ABOUT THIS EXERCISE:
Excerpt from the entries below: please repeat exactly the lines from the one containing "Kron Rebel 27.5" through the last one, both ends included, with no pictures.

[Short text fragments from websites]

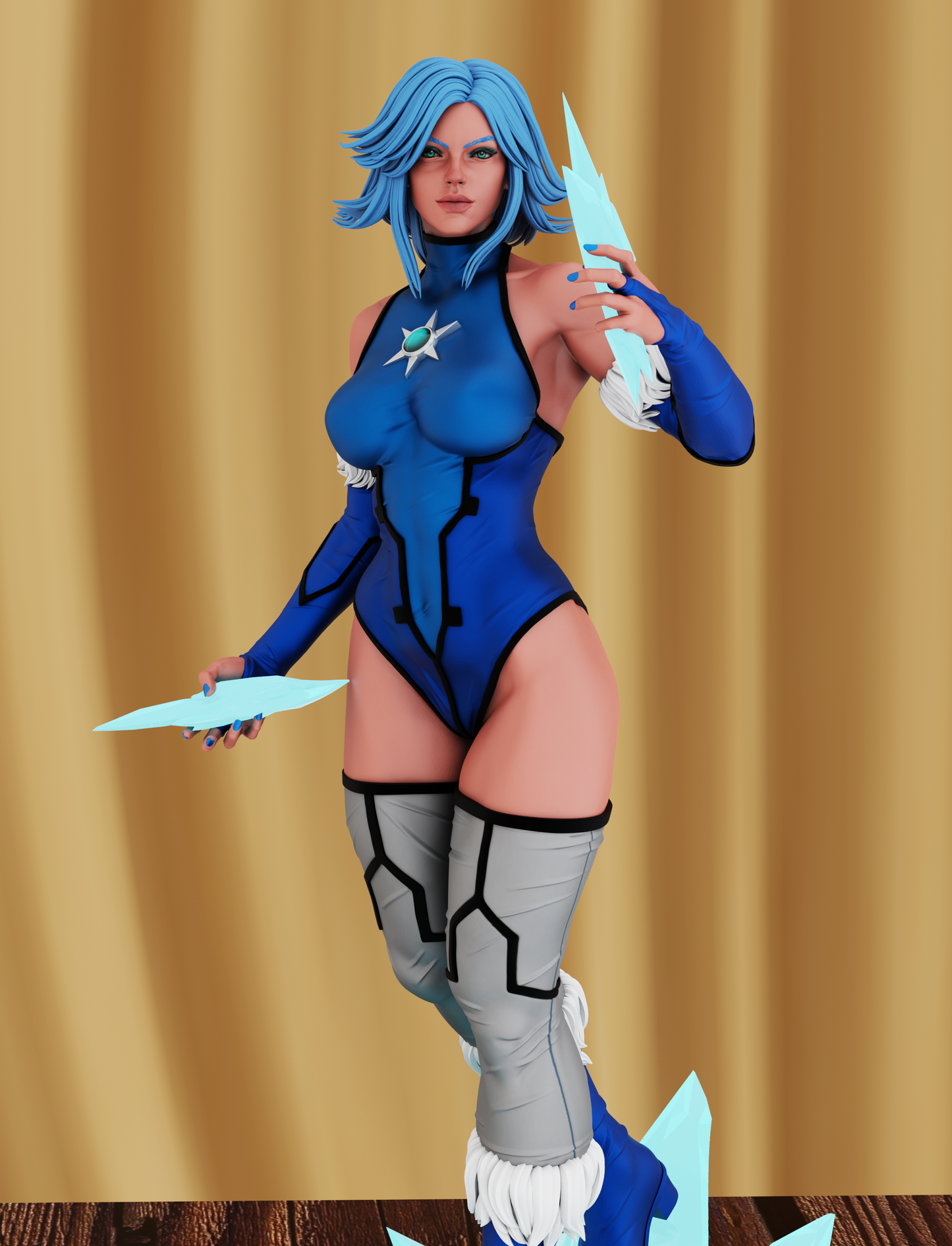 Killer Frost 1/8 Scale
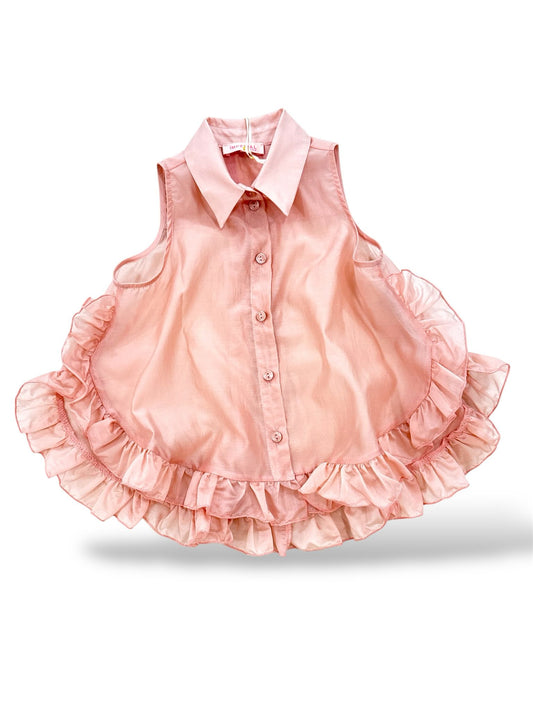 IMPERIAL - camicia rouge trasparenza abbigliamento est 25 j - GIRL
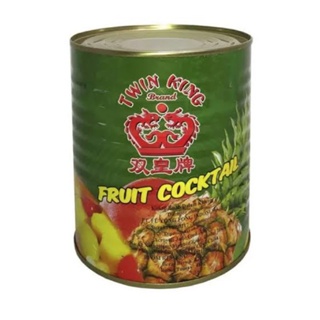 

[KHUSUS INSTAN] Twin King Fruit Cocktail / Buah campur 825gr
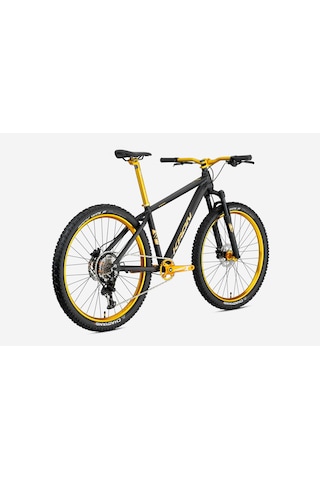 Kron Rebel 27.5 Jant 1x8 Dağ Bisikleti 16.5 İnch Siyah-sarı Siyah - Sarı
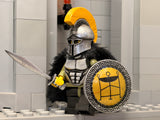 Greek Hoplite w/Custom Corinthian Helm, Plume, Cuirass + Xiphos!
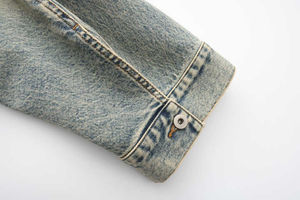 Chaqueta Vaquera para Hombre al por Mayor, Transpirable, Cómoda, Informal, a Precio Económico, con Calidad Premium - Product Image 6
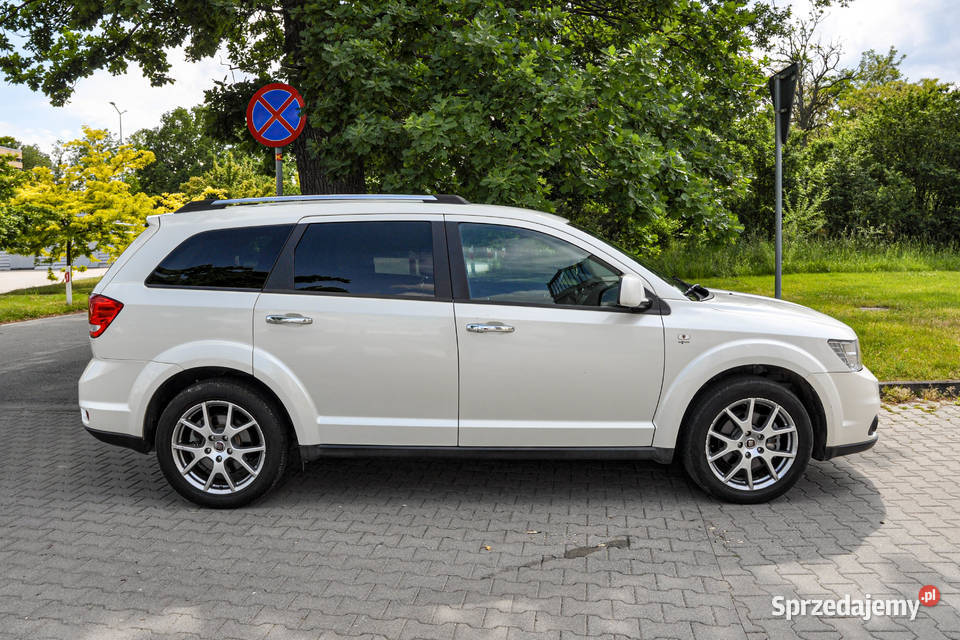 Fiat Freemont 20JTD 2013 r Automat Skóry 4x4 Wrocław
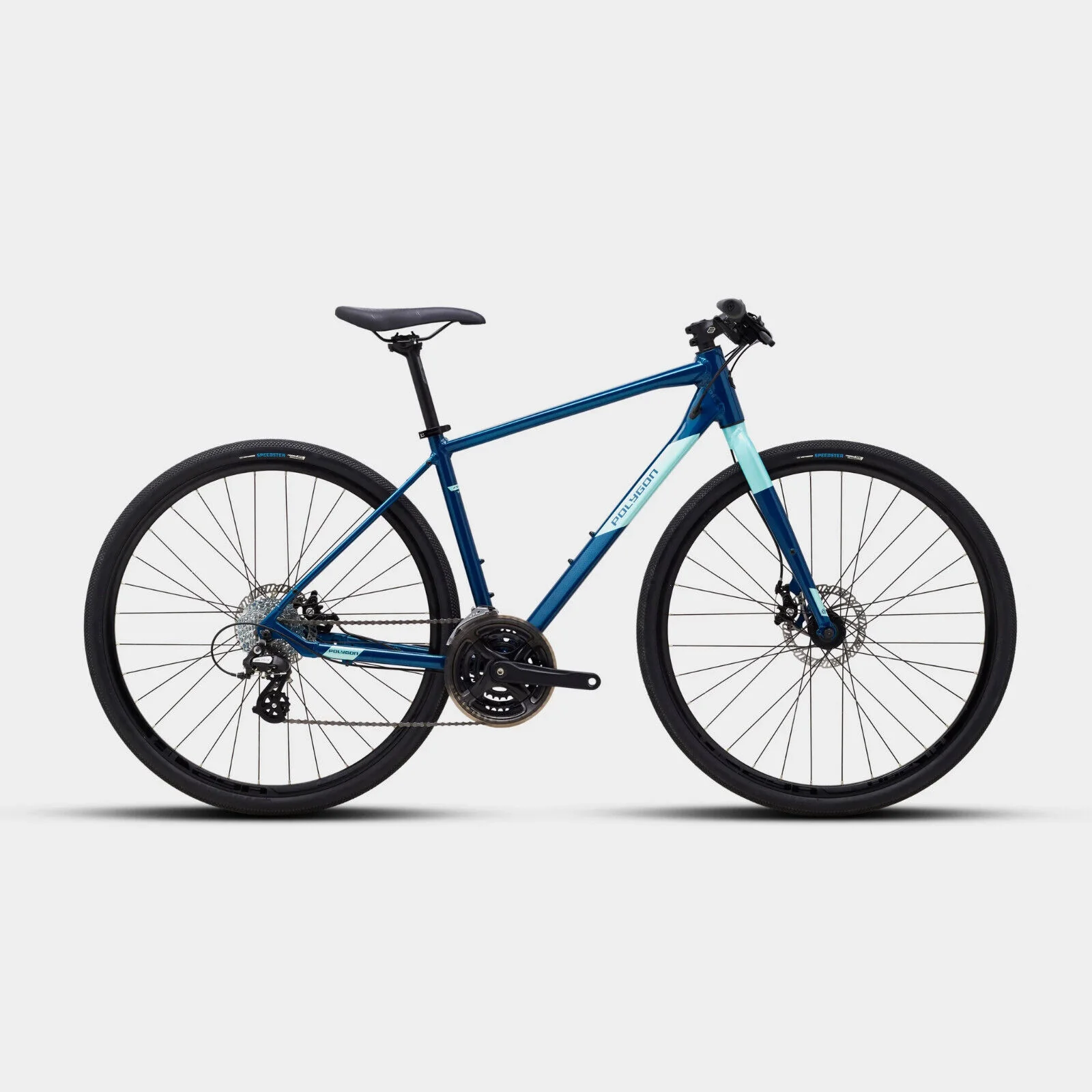 POLYGON Path 2 Urban Bike - Large - FREE DELIVERY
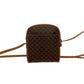 CELINE Shoulder Bag leather Brown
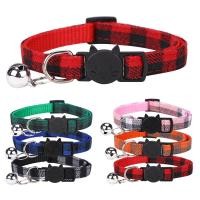 ราคา 【พร้อมส่ง】ปลอกคอสุนัขลายสก๊อตภาษาอังกฤษ ปลอกคอแมวลายสก๊อตสี (17620088925)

PROBLEM SOLUTION:
 Kron Rebel 27.5 Jant 1x8 Dağ Bisikleti 16.5 İnch Siyah-sarı Siyah - Sarı
 Greek Hoplite w/Custom Corinthian Helm, Plume, Cuirass + Xiphos!
 Chaqueta Vaquera para Hombre al por Mayor, Transpirable, Cómoda, Informal, a Precio Económico, con Calidad Premium - Product Image 6
 Fiat Freemont 20JTD 2013 r Automat Skóry 4x4 Wrocław
 POLYGON Path 2 Urban Bike - Large - FREE DELIVERY
 CELINE Shoulder Bag leather Brown
 ราคา 【พร้อมส่ง】ปลอกคอสุนัขลายสก๊อตภาษาอังกฤษ ปลอกคอแมวลายสก๊อตสี (17620088925)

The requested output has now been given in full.